The following script summarizes the process needed for configuring and launching a Jupyter notebook on rcfcluster. This can be used as a template, although you will want to tweak the paths and specific requested resources to your own needs. Be sure to match the port number used in this script to the port number you use to set up port forwarding from your local computer (Step 5)

#!/bin/bash

#SBATCH --job-name=jupyter-example
#SBATCH --nodes=1
#SBATCH --cpus-per-task=8
#SBATCH --mem=8GB
#SBATCH --time=1:00:00

# Load miniconda module
module load miniconda

# Activate conda enviornment
eval "$(conda shell.bash hook)"
conda activate p37

# Set up port forwarding from compute-node to head-node:
# For this you can choose any port number greater than 1024. The default jupyter port is 8888
port=8889
ssh -N -f -R $port:localhost:$port rcfcluster

# Switch directory to where you want to launch jupyter from...
cd /home/username/jupyter_example

# And start the jupyter-notebook:
jupyter-notebook --no-browser --port $port

Submit the job to slurm (in this example, we have named the above sbatch script jupyter-example.sh)

sbatch jupyter-example.sh

If the job is submitted successfully, you should see an output file in your current working directory called slurm-1100.out (where 1100 is the unique identified used to refer to this specific job).

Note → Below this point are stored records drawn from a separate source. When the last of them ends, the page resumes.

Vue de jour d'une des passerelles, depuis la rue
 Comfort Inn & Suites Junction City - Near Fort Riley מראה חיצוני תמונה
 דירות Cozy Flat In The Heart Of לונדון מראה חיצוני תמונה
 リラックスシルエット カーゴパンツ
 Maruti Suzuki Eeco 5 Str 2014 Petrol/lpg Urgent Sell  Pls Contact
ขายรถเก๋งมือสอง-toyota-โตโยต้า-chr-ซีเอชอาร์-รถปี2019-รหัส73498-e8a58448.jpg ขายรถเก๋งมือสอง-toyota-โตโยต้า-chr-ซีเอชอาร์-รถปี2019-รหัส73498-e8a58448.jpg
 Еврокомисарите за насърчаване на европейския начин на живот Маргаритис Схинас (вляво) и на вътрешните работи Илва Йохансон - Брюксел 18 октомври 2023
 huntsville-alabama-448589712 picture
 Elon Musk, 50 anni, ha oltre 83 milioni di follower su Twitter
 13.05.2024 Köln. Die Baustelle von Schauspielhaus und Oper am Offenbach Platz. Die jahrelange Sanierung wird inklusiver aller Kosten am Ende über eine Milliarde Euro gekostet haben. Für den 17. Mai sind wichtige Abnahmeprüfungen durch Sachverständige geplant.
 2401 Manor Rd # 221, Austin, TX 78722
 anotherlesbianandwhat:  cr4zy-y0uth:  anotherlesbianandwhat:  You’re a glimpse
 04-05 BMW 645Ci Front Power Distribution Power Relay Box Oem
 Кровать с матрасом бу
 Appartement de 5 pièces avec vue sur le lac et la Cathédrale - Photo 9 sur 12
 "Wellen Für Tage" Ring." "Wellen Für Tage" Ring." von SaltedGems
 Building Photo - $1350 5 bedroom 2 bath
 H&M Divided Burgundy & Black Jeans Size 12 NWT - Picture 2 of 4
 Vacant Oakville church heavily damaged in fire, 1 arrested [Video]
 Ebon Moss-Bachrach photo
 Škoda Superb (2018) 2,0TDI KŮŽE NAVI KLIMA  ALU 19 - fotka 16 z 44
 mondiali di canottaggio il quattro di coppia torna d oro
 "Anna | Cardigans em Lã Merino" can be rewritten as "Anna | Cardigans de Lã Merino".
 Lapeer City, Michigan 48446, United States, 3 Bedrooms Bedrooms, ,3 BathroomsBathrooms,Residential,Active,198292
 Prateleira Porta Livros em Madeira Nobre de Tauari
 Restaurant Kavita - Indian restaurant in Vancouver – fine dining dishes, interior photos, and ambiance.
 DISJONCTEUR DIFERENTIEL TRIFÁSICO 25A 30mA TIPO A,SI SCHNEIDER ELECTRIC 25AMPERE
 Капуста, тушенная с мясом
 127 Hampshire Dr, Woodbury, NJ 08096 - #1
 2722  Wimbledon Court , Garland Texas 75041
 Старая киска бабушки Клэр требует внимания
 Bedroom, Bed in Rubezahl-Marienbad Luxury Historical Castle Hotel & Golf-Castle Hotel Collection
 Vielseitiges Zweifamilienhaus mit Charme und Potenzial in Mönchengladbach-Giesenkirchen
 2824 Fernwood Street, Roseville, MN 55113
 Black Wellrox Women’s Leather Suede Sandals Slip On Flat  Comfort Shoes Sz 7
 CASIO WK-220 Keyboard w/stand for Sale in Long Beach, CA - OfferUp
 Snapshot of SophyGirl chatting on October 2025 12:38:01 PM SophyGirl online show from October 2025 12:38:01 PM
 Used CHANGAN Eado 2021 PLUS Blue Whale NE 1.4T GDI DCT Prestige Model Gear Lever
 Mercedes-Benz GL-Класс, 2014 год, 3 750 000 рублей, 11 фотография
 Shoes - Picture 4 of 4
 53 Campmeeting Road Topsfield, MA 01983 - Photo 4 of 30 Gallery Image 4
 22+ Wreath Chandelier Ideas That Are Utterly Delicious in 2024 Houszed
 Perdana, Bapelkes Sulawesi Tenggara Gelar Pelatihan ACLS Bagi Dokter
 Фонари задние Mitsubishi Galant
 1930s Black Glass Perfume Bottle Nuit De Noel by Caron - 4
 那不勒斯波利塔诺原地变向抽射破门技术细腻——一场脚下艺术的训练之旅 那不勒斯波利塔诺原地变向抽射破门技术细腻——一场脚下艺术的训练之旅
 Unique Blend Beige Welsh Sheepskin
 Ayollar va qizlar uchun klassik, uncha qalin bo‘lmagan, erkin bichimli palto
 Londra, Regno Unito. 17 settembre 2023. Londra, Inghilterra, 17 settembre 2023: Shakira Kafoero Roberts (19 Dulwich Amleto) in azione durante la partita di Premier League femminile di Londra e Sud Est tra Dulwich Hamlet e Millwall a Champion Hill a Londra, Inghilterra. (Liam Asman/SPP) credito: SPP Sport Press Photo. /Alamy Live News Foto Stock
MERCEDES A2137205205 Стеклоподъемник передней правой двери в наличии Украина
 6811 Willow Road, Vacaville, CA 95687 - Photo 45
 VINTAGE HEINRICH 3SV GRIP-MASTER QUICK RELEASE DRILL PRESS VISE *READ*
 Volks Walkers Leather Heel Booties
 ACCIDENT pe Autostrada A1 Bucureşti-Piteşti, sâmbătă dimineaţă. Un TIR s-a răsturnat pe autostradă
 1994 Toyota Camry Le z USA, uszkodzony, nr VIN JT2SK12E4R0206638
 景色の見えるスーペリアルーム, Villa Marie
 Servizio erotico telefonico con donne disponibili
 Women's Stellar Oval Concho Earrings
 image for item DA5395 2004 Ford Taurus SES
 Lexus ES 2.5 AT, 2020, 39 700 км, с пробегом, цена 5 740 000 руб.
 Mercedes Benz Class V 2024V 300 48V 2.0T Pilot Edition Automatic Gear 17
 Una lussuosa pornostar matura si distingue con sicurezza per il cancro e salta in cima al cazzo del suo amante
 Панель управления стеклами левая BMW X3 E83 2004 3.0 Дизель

Print the contents of this file with the cat command:

cat slurm-1100.out

This file should contain text similar to that described in Step 4 above. Copy one of the two URLs listed at the end of the file. **Note that you may have to wait a minute or two while jupyter launches for this text to appear in the .out file **

Next, start the SSH tunnel as described in Step 5, then open up a browser window and paste the URL from the .out file. You can now run the Jupyter Notebook as if you were working on your local computer.

Jupyter Lab

Jupyter Lab is a helpful interface that provides a code editor, console, data viewer, file browser, and much more. For full documentation on how to use JupyterLab, see https://jupyterlab.readthedocs.io/en/stable/

PREREQUISITES: Before using Jupyter Lab for the first time, you will need to install both jupyterlab and nodejs into your virtual enviornment.

You can launch a Jupyter Lab instance on a rcfcluster compute node by following the exact same steps as Starting Jupyter Through an Interactive Job. Simply replace all instances of jupyter-notebook with the command jupyter lab.